- _PROBLEM REQUIREMENTS_: Return each entry below without any alteration.

------ DATA FOR THIS EXERCISE ------

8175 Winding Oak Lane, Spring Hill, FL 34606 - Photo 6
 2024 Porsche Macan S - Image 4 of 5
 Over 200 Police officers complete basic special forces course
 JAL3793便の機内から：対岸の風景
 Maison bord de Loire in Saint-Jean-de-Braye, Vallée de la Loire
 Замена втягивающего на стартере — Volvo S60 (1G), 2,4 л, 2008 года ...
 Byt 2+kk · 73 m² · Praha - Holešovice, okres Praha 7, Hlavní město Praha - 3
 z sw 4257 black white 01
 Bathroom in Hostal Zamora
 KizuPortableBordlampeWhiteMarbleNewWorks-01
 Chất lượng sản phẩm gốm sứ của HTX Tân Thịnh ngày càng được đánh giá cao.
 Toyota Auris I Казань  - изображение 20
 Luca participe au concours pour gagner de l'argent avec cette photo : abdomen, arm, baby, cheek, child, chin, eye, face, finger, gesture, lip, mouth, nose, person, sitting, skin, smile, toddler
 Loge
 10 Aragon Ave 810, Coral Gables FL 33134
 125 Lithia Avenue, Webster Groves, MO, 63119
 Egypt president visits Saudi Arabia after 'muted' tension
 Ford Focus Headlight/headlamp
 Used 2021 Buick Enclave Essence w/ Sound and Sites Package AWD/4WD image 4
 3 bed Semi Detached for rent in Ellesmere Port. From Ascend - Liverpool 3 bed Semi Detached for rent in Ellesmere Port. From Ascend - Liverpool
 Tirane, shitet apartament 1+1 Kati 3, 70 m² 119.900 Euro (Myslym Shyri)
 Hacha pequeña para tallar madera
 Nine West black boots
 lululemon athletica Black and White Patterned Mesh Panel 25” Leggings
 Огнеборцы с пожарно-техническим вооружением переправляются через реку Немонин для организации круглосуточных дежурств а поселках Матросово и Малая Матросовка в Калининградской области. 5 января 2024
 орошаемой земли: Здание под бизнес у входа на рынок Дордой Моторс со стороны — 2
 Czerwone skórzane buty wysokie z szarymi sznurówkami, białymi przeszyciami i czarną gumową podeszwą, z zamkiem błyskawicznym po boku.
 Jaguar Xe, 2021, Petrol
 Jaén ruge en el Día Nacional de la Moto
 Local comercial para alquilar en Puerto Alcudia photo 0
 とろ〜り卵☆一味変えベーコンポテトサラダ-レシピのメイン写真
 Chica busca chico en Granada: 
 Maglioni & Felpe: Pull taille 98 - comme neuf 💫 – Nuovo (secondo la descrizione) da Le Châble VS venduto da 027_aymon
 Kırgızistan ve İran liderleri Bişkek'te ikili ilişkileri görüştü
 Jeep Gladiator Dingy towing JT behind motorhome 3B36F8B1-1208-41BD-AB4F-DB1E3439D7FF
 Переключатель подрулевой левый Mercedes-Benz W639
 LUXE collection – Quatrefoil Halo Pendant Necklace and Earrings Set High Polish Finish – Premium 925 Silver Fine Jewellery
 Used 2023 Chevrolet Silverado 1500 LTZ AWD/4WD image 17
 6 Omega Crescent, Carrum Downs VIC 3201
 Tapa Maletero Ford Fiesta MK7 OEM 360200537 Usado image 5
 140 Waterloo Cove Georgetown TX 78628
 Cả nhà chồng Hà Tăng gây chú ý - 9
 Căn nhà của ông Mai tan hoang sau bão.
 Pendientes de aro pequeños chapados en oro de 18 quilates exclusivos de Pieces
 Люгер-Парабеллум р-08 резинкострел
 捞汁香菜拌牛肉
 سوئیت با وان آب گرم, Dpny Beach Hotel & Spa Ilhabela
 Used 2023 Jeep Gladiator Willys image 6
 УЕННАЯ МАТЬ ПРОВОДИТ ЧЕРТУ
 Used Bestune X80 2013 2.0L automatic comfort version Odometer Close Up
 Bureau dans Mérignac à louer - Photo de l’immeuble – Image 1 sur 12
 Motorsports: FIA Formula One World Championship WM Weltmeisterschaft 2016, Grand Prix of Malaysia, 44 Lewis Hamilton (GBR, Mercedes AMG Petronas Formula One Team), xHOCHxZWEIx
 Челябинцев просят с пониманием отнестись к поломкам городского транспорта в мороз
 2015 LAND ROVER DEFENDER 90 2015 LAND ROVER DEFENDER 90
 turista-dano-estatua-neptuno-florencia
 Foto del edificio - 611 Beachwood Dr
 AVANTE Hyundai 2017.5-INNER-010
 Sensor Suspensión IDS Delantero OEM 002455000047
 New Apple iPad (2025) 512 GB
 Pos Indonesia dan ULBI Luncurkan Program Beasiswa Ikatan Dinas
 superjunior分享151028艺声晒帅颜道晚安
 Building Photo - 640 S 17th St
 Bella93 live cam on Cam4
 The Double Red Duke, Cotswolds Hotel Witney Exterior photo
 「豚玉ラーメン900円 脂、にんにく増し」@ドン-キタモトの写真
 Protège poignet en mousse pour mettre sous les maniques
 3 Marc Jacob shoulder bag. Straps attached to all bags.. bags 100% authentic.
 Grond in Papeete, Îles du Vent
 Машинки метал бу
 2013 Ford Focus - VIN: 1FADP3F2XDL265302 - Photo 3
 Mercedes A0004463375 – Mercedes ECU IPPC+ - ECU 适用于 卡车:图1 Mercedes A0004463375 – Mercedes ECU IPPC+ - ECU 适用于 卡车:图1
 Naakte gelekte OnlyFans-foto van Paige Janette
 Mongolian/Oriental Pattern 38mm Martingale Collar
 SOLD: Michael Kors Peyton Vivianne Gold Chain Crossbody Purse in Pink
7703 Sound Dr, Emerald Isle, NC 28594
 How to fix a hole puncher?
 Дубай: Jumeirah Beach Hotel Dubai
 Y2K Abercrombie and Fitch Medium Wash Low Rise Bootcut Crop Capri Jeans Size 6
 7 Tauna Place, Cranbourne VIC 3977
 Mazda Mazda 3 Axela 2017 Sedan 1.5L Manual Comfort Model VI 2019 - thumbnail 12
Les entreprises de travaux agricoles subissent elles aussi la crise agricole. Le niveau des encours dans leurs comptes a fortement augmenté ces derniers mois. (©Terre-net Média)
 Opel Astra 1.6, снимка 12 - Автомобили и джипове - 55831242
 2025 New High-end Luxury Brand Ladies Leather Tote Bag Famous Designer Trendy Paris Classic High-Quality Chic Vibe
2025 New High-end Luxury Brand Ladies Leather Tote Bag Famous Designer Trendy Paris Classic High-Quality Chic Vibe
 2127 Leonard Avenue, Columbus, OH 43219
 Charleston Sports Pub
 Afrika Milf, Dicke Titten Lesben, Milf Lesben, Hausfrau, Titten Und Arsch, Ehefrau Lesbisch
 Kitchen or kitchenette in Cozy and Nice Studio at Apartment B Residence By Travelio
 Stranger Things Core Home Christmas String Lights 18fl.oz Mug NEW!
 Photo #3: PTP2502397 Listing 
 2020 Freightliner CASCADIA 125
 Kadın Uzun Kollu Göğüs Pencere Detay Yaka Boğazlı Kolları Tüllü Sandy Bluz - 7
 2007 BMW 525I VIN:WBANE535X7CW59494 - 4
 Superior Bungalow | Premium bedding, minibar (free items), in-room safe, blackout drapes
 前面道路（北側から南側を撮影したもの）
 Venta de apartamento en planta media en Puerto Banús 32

------

- _WRITTEN RESPONSE_:
8175 Winding Oak Lane, Spring Hill, FL 34606 - Photo 6
 2024 Porsche Macan S - Image 4 of 5
 Over 200 Police officers complete basic special forces course
 JAL3793便の機内から：対岸の風景
 Maison bord de Loire in Saint-Jean-de-Braye, Vallée de la Loire
 Замена втягивающего на стартере — Volvo S60 (1G), 2,4 л, 2008 года ...
 Byt 2+kk · 73 m² · Praha - Holešovice, okres Praha 7, Hlavní město Praha - 3
 z sw 4257 black white 01
 Bathroom in Hostal Zamora
 KizuPortableBordlampeWhiteMarbleNewWorks-01
 Chất lượng sản phẩm gốm sứ của HTX Tân Thịnh ngày càng được đánh giá cao.
 Toyota Auris I Казань  - изображение 20
 Luca participe au concours pour gagner de l'argent avec cette photo : abdomen, arm, baby, cheek, child, chin, eye, face, finger, gesture, lip, mouth, nose, person, sitting, skin, smile, toddler
 Loge
 10 Aragon Ave 810, Coral Gables FL 33134
 125 Lithia Avenue, Webster Groves, MO, 63119
 Egypt president visits Saudi Arabia after 'muted' tension
 Ford Focus Headlight/headlamp
 Used 2021 Buick Enclave Essence w/ Sound and Sites Package AWD/4WD image 4
 3 bed Semi Detached for rent in Ellesmere Port. From Ascend - Liverpool 3 bed Semi Detached for rent in Ellesmere Port. From Ascend - Liverpool
 Tirane, shitet apartament 1+1 Kati 3, 70 m² 119.900 Euro (Myslym Shyri)
 Hacha pequeña para tallar madera
 Nine West black boots
 lululemon athletica Black and White Patterned Mesh Panel 25” Leggings
 Огнеборцы с пожарно-техническим вооружением переправляются через реку Немонин для организации круглосуточных дежурств а поселках Матросово и Малая Матросовка в Калининградской области. 5 января 2024
 орошаемой земли: Здание под бизнес у входа на рынок Дордой Моторс со стороны — 2
 Czerwone skórzane buty wysokie z szarymi sznurówkami, białymi przeszyciami i czarną gumową podeszwą, z zamkiem błyskawicznym po boku.
 Jaguar Xe, 2021, Petrol
 Jaén ruge en el Día Nacional de la Moto
 Local comercial para alquilar en Puerto Alcudia photo 0
 とろ〜り卵☆一味変えベーコンポテトサラダ-レシピのメイン写真
 Chica busca chico en Granada: 
 Maglioni & Felpe: Pull taille 98 - comme neuf 💫 – Nuovo (secondo la descrizione) da Le Châble VS venduto da 027_aymon
 Kırgızistan ve İran liderleri Bişkek'te ikili ilişkileri görüştü
 Jeep Gladiator Dingy towing JT behind motorhome 3B36F8B1-1208-41BD-AB4F-DB1E3439D7FF
 Переключатель подрулевой левый Mercedes-Benz W639
 LUXE collection – Quatrefoil Halo Pendant Necklace and Earrings Set High Polish Finish – Premium 925 Silver Fine Jewellery
 Used 2023 Chevrolet Silverado 1500 LTZ AWD/4WD image 17
 6 Omega Crescent, Carrum Downs VIC 3201
 Tapa Maletero Ford Fiesta MK7 OEM 360200537 Usado image 5
 140 Waterloo Cove Georgetown TX 78628
 Cả nhà chồng Hà Tăng gây chú ý - 9
 Căn nhà của ông Mai tan hoang sau bão.
 Pendientes de aro pequeños chapados en oro de 18 quilates exclusivos de Pieces
 Люгер-Парабеллум р-08 резинкострел
 捞汁香菜拌牛肉
 سوئیت با وان آب گرم, Dpny Beach Hotel & Spa Ilhabela
 Used 2023 Jeep Gladiator Willys image 6
 УЕННАЯ МАТЬ ПРОВОДИТ ЧЕРТУ
 Used Bestune X80 2013 2.0L automatic comfort version Odometer Close Up
 Bureau dans Mérignac à louer - Photo de l’immeuble – Image 1 sur 12
 Motorsports: FIA Formula One World Championship WM Weltmeisterschaft 2016, Grand Prix of Malaysia, 44 Lewis Hamilton (GBR, Mercedes AMG Petronas Formula One Team), xHOCHxZWEIx
 Челябинцев просят с пониманием отнестись к поломкам городского транспорта в мороз
 2015 LAND ROVER DEFENDER 90 2015 LAND ROVER DEFENDER 90
 turista-dano-estatua-neptuno-florencia
 Foto del edificio - 611 Beachwood Dr
 AVANTE Hyundai 2017.5-INNER-010
 Sensor Suspensión IDS Delantero OEM 002455000047
 New Apple iPad (2025) 512 GB
 Pos Indonesia dan ULBI Luncurkan Program Beasiswa Ikatan Dinas
 superjunior分享151028艺声晒帅颜道晚安
 Building Photo - 640 S 17th St
 Bella93 live cam on Cam4
 The Double Red Duke, Cotswolds Hotel Witney Exterior photo
 「豚玉ラーメン900円 脂、にんにく増し」@ドン-キタモトの写真
 Protège poignet en mousse pour mettre sous les maniques
 3 Marc Jacob shoulder bag. Straps attached to all bags.. bags 100% authentic.
 Grond in Papeete, Îles du Vent
 Машинки метал бу
 2013 Ford Focus - VIN: 1FADP3F2XDL265302 - Photo 3
 Mercedes A0004463375 – Mercedes ECU IPPC+ - ECU 适用于 卡车:图1 Mercedes A0004463375 – Mercedes ECU IPPC+ - ECU 适用于 卡车:图1
 Naakte gelekte OnlyFans-foto van Paige Janette
 Mongolian/Oriental Pattern 38mm Martingale Collar
 SOLD: Michael Kors Peyton Vivianne Gold Chain Crossbody Purse in Pink
7703 Sound Dr, Emerald Isle, NC 28594
 How to fix a hole puncher?
 Дубай: Jumeirah Beach Hotel Dubai
 Y2K Abercrombie and Fitch Medium Wash Low Rise Bootcut Crop Capri Jeans Size 6
 7 Tauna Place, Cranbourne VIC 3977
 Mazda Mazda 3 Axela 2017 Sedan 1.5L Manual Comfort Model VI 2019 - thumbnail 12
Les entreprises de travaux agricoles subissent elles aussi la crise agricole. Le niveau des encours dans leurs comptes a fortement augmenté ces derniers mois. (©Terre-net Média)
 Opel Astra 1.6, снимка 12 - Автомобили и джипове - 55831242
 2025 New High-end Luxury Brand Ladies Leather Tote Bag Famous Designer Trendy Paris Classic High-Quality Chic Vibe
2025 New High-end Luxury Brand Ladies Leather Tote Bag Famous Designer Trendy Paris Classic High-Quality Chic Vibe
 2127 Leonard Avenue, Columbus, OH 43219
 Charleston Sports Pub
 Afrika Milf, Dicke Titten Lesben, Milf Lesben, Hausfrau, Titten Und Arsch, Ehefrau Lesbisch
 Kitchen or kitchenette in Cozy and Nice Studio at Apartment B Residence By Travelio
 Stranger Things Core Home Christmas String Lights 18fl.oz Mug NEW!
 Photo #3: PTP2502397 Listing 
 2020 Freightliner CASCADIA 125
 Kadın Uzun Kollu Göğüs Pencere Detay Yaka Boğazlı Kolları Tüllü Sandy Bluz - 7
 2007 BMW 525I VIN:WBANE535X7CW59494 - 4
 Superior Bungalow | Premium bedding, minibar (free items), in-room safe, blackout drapes
 前面道路（北側から南側を撮影したもの）
 Venta de apartamento en planta media en Puerto Banús 32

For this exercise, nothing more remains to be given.